Through paintings, photographic prints, or historical buildings as venues for his exhibitions, Young’s efforts to revitalize derelict architecture have led him on several journeys. His work “restores a lingering sense of home,” in the words of Ziad Suidan. In 2013, Young hosted his Carousel exhibition in the Villa Paradiso mansion, which formerly belonged to the Baloumian family, a wealthy Armenian family whose patriarch — Mardiros — had escaped from the Armenian Genocide in 1915. He became a successful road construction contractor and employed many minorities throughout Syria and Lebanon, including Palestinians. The family owned the house until the onset of the Lebanese Civil War and fled the country over the next few years. Its last resident, Mardiros Baloumian, remained in the house until he died in 1983, after which it fell into disrepair. Young’s exhibited works highlighted the family’s story, which had been buried during the war. “Carousel is an exploration of loss, and of the transformative power of painting in confronting that loss.” All the same, it also touched on renewal and rebirth, according to Young.
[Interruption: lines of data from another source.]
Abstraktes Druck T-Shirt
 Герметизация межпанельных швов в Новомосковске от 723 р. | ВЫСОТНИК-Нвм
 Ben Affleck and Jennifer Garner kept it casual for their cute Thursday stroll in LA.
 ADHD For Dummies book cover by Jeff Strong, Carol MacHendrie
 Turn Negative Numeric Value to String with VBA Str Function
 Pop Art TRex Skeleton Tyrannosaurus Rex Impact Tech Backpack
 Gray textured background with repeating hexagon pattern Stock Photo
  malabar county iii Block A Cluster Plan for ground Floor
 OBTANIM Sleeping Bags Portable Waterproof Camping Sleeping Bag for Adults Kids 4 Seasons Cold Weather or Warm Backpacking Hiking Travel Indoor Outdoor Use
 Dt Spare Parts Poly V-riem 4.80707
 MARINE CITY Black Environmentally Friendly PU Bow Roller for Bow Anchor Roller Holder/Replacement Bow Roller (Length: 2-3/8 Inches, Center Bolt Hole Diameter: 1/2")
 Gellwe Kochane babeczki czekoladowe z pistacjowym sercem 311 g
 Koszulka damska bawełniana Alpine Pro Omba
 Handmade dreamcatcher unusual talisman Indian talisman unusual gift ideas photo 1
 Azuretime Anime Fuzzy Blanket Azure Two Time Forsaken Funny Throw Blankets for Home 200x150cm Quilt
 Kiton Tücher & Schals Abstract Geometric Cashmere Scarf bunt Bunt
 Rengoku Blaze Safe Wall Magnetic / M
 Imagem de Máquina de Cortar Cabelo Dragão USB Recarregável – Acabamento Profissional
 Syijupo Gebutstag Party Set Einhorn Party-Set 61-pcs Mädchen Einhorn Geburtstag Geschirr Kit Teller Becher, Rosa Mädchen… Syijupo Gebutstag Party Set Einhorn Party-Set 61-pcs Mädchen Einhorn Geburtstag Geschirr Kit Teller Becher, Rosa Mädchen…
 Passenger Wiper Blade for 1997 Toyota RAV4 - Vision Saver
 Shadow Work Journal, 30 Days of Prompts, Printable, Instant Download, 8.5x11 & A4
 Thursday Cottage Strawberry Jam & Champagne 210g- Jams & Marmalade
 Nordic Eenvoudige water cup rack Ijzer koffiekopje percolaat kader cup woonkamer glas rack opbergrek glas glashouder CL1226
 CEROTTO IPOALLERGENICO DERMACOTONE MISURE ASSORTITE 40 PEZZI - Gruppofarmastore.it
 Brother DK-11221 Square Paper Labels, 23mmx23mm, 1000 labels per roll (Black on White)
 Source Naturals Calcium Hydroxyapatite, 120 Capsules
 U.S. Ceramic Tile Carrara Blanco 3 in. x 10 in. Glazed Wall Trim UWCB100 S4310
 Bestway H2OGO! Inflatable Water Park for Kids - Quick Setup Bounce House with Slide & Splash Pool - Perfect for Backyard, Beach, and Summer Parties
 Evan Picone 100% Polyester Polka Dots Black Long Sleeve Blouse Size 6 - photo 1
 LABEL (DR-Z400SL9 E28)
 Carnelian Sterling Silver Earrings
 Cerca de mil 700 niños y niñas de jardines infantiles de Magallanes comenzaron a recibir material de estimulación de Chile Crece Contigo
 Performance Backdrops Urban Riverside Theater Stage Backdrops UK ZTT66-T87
In 2014, he transformed the Rose House into an exhibition venue, exploring themes of memory and heritage and capturing the house's last days as a living home before its previous resident, Fayza El Khazen, moved out. Much of Young's work allows a glimpse into the 'living' memory of the buildings and those who called them home.
His Full Circle exhibition in 2017 culminated a four-year journey since his Carousel exhibit. Young met with the Baloumian family in 2016 during his New York presentation, “Beirut: Architecture, Art, Memory, and Transformation,” which called for the restoration of heritage buildings in Beirut. Here, he reunited belongings and exhibited portraits of the family he had painted from the photographs left behind in Villa Paradiso. He returned to Beirut in 2017 to organize Full Circle. In the words of Suidan, “In the case of Villa Paradiso, restoration is moved to return a sense of home at a time of threatened physical destruction, to a family ripped asunder by the tremors of Civil War, where their memories are publicly unacknowledged and muted, and the threat of demolition to public landmarks, up until now, included their own.”
Young’s recent works — especially during the ongoing pandemic — paint a subtler image of Beirut. “I’m painting the disquiet and fear that is present among people; that they are all being watched — on the phone, online, in the street, the fear of the virus we can’t see...This is the age of surveillance, as we all know. You don’t have to believe in conspiracy theories to see this.”
To Young, Lebanon offers a wealth of inspiration. “It triggers a deep emotional charge,” he said. “The extremes of human emotion from joy and pain are played out here like no other place I have experienced. Here, I can process my own pain and transform it into something creative.”